Question: In Book 5, everyone was worried that Voldemort would be able to use Harry and possess him. He placed false images in his mind. This stopped once Harry realized what was going on and Voldemort didn't like what was inside him, to a certain extent. But why did Book 6 and Book 7 never have Voldemort try to figure out what Harry was up to by going in his mind? Was there a block I don't recall? Because if Harry could keep seeing into Voldemort, I would assume that Voldemort could at least try to manipulate Harry like he did in Book 5, even if Harry could deflect him. Was this touched upon? I might have missed it since I was reading this series fairly quickly.

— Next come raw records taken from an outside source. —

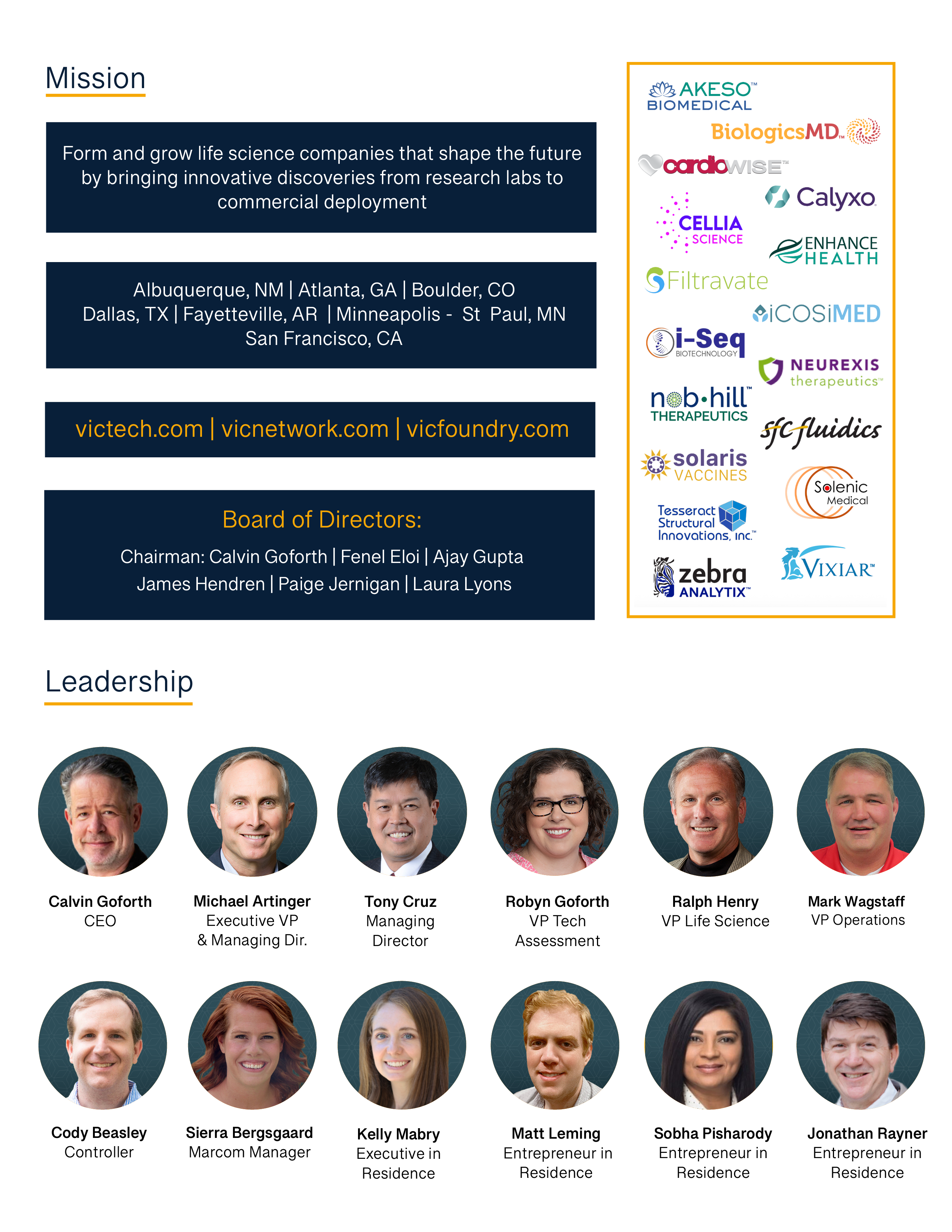 2025_AnnualReport_ExecutiveSummary4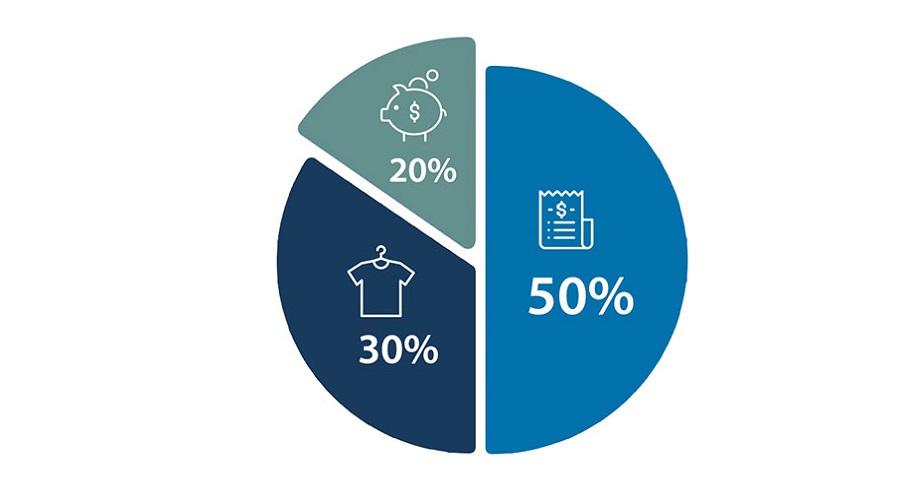 قاعدة 50/30/20 لتسهيل الإدارة المالية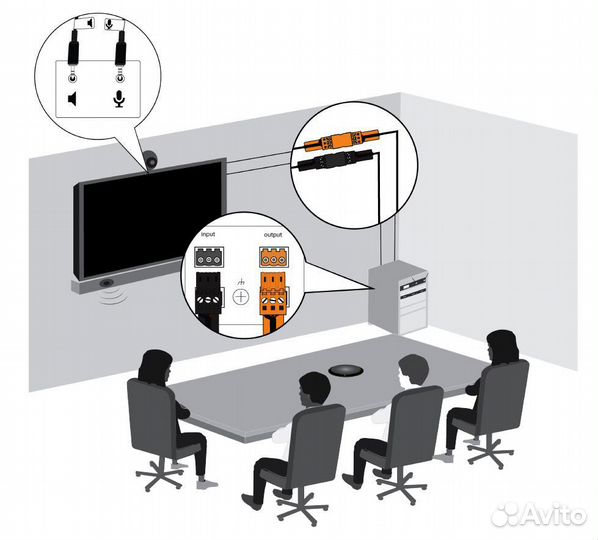 Кабели Shure VCC3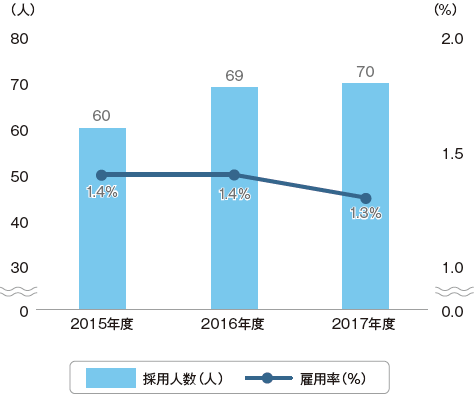 障がい者雇用数グラフ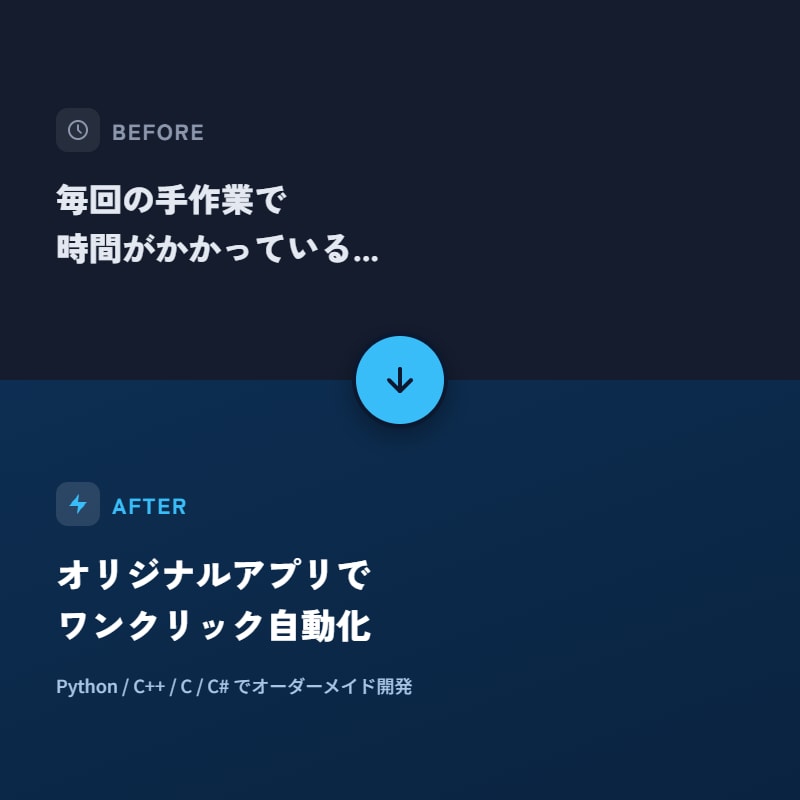 Python・C/C++でPCアプリ開発します 「こんなアプリが欲しい」をオーダーメイドで形にします イメージ3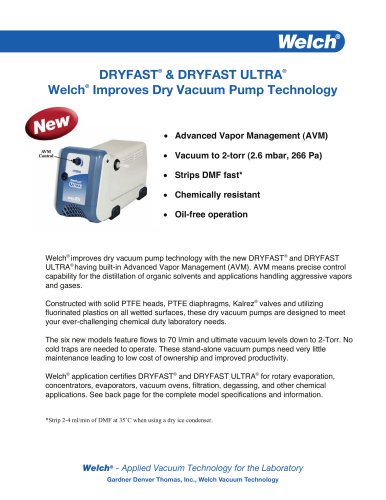 DRYFAST® & DRYFAST ULTRA®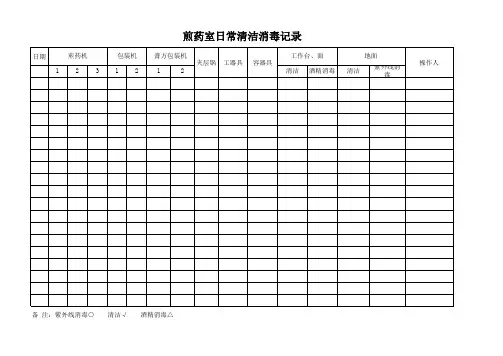 煎药室日常清洁消毒记录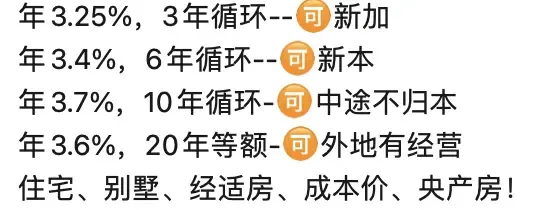 房贷利率3.25%就能办?揭秘助贷机构的“转贷”生意经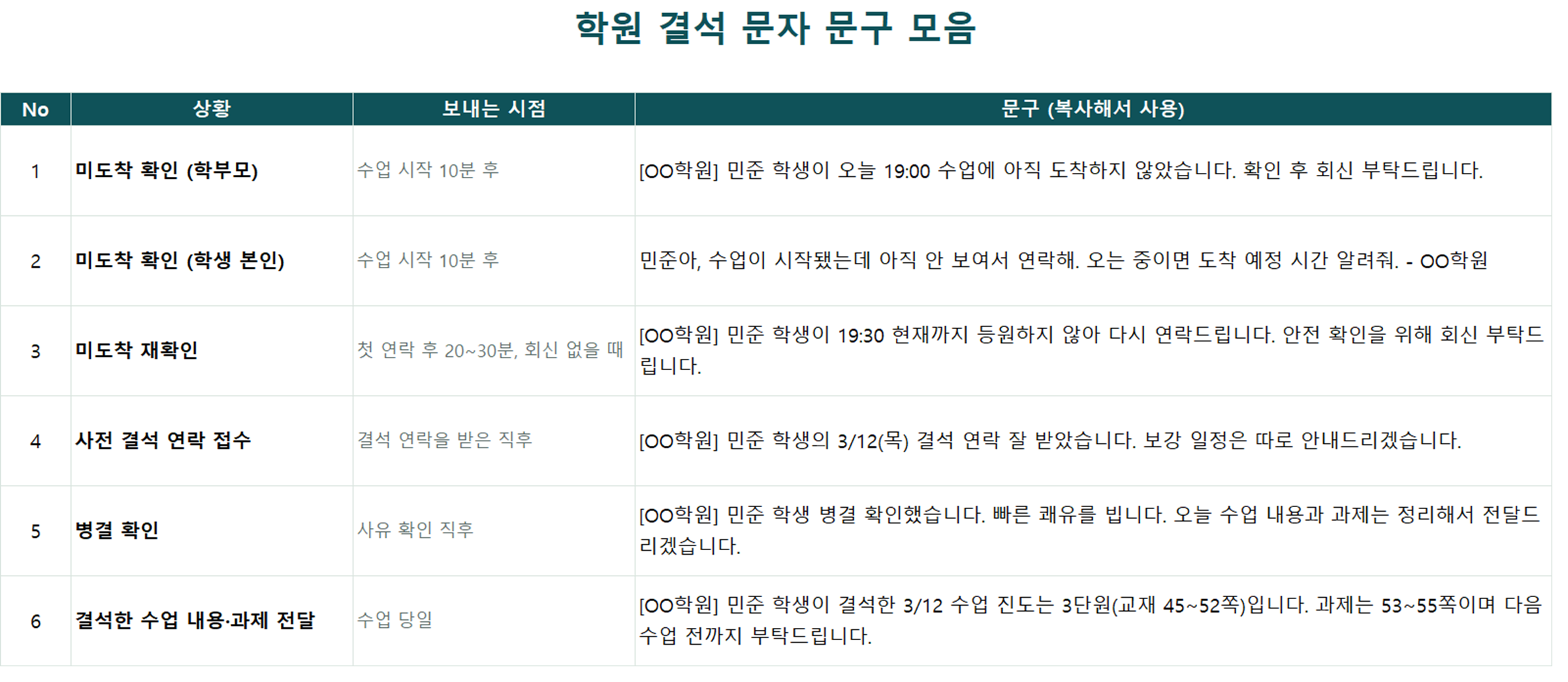결석 문자 문구 모음 미리보기 — 상황·보내는 시점·문구 표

All in all, I think it's a worthwhile series to read. JKR's weaknesses seem to be with exposition and length - she could have edited quite a bit out of the book to streamline them - and sometimes she was a little too obvious with her reveals. I don't feel like she rally built up Harry/Ginny enough as it seemed out of the blue, and Hermione seemed a weaker character in the last 3 books (did she ever stop crying?). However, I found her strength to be in her ability to plot over the course of several books, create detailed histories for a huge number of characters, and to have characters that were unique and individual, each one its own person. Her writing had a witty tone, and it was laced with something whimsical. JKR has quite the imagination.

I'd recommend them for a fun read and to anyone who wants to pass on the message that love and bravery can conquer all.